Review of The Taming of the Shrew
Last Updated August 12, 2024.
[In the following review of Liz Shipman's 2001 staging of The Taming of the Shrew, Bruckner finds nearly all of Shipman's directorial interpretations beneficial to the drama and approves of the ensemble performance.]
In the Kings County Shakespeare Company's Taming of the Shrew under Liz Shipman's direction, it is the play that is disciplined into civility, with only a slight misstep. Ms. Shipman uses part of Shakespeare's opening scene that is routinely ignored in modern productions. But instead of making the play a stunt by amateur performers to confuse an addled sot, she has a lush reel from the street into the theater where the actors talk him into taking the role of Petruchio. It seems to me this diminishes the distancing effect Shakespeare intended by making Shrew a play within a play.

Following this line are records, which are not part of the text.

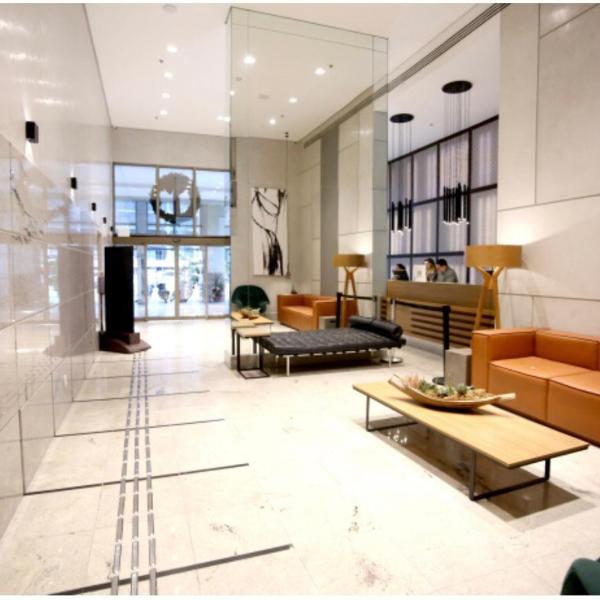Flat Brasil 21 Suites Bloco F - Foto 5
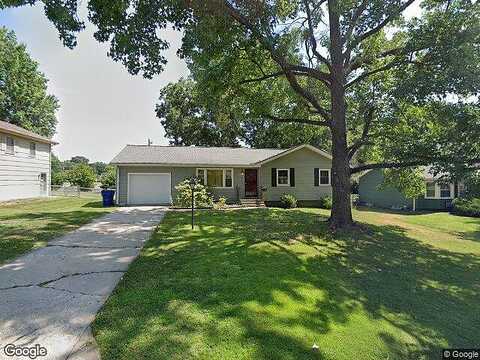 Appleton, RAYTOWN, MO 64138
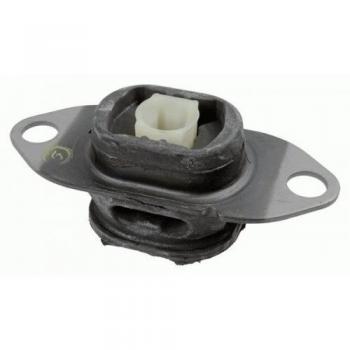 LEMFÖRDER 37941 01 supporto cambio automatico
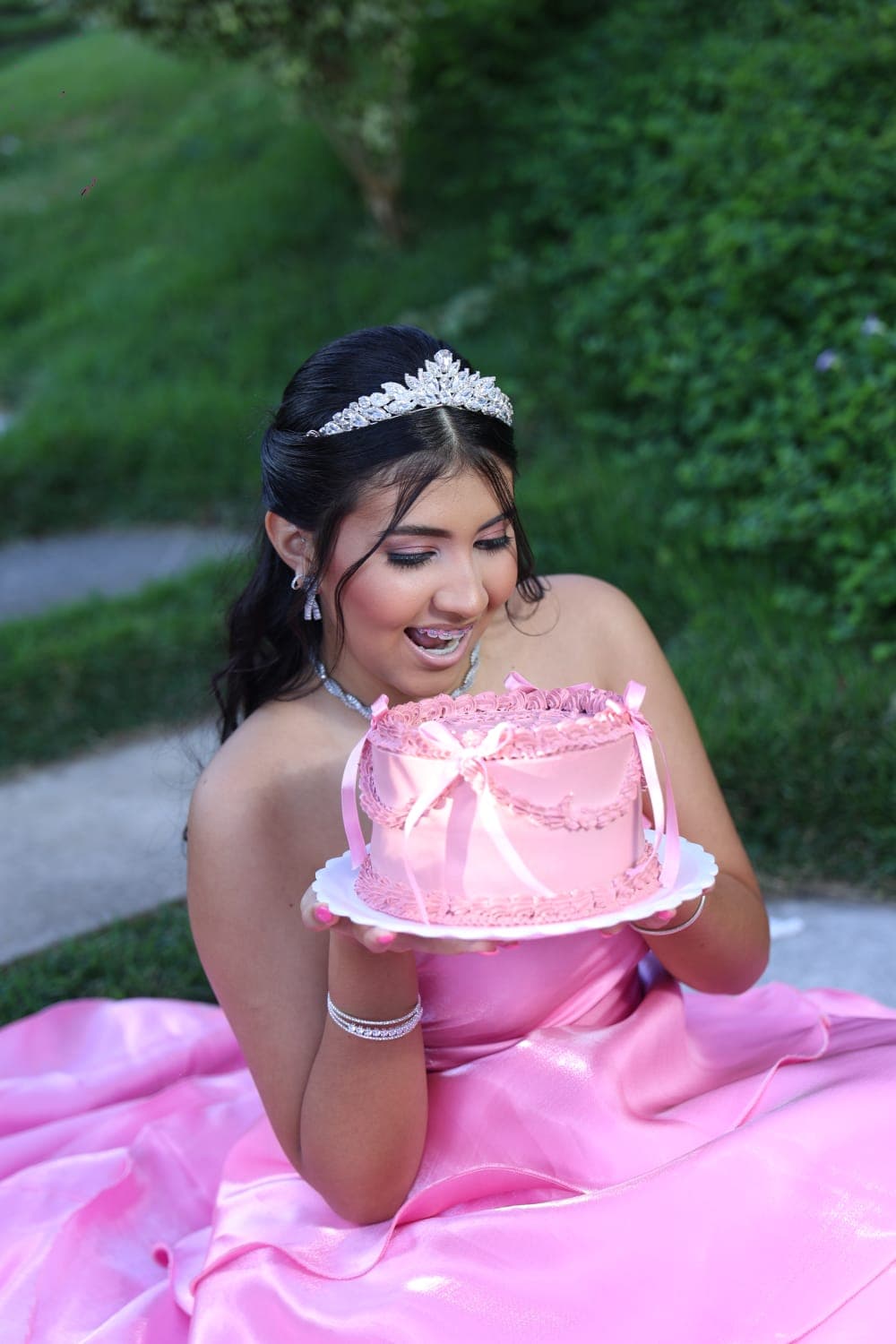 Nathalia — foto 6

She also uses fragments from a 1594 play of uncertain authorship called The Taming of a Shrew, but without much changing Shakespeare's text. She makes Katherine a less strident shrew than she is usually portrayed and Petruchio a less hectoring coach of manners. This slight muting does not dull the edge of their verbal combat, but it does make the fumbling rivalry of the three suitors of Bianca and the rascally disorder of the many servants in the play more insistently funny. In this innocent and wild world Kate and Petruchio often seem to be the only adults.
This company has become a fine ensemble. The easy command of Shakespeare's language by the actors is impressive. Every character, right down to the tailor and the haberdasher, has a strong comic personality, so it is with apologies to all that I single out any. But making Baptista a woman, not a man, in this version is inspired since the part goes to Vicki Hirsch, who has wondrous ways of making a character ridiculous but not silly. And giving Joseph Small the part of the widow who is in love with one of Bianca's suitors is no less astute, for much the same reason. As for those suitors, John McCarthy, Phillip Douglas and Jon Fordham make the three of them such lovable provincial oddballs that you are sorry to leave them when the play ends.
Renee Bucciarelli lets one see, and feel, that Kate's eventual surrender to Petruchio is the surest sign of her intelligence—no mean feat of acting. And Michael Oberlander's Petruchio, while he doesn't hesitate to put Kate through some humiliating trials, obviously loves this woman, from first meeting. The play depends on the tone set by these two, and they get it right.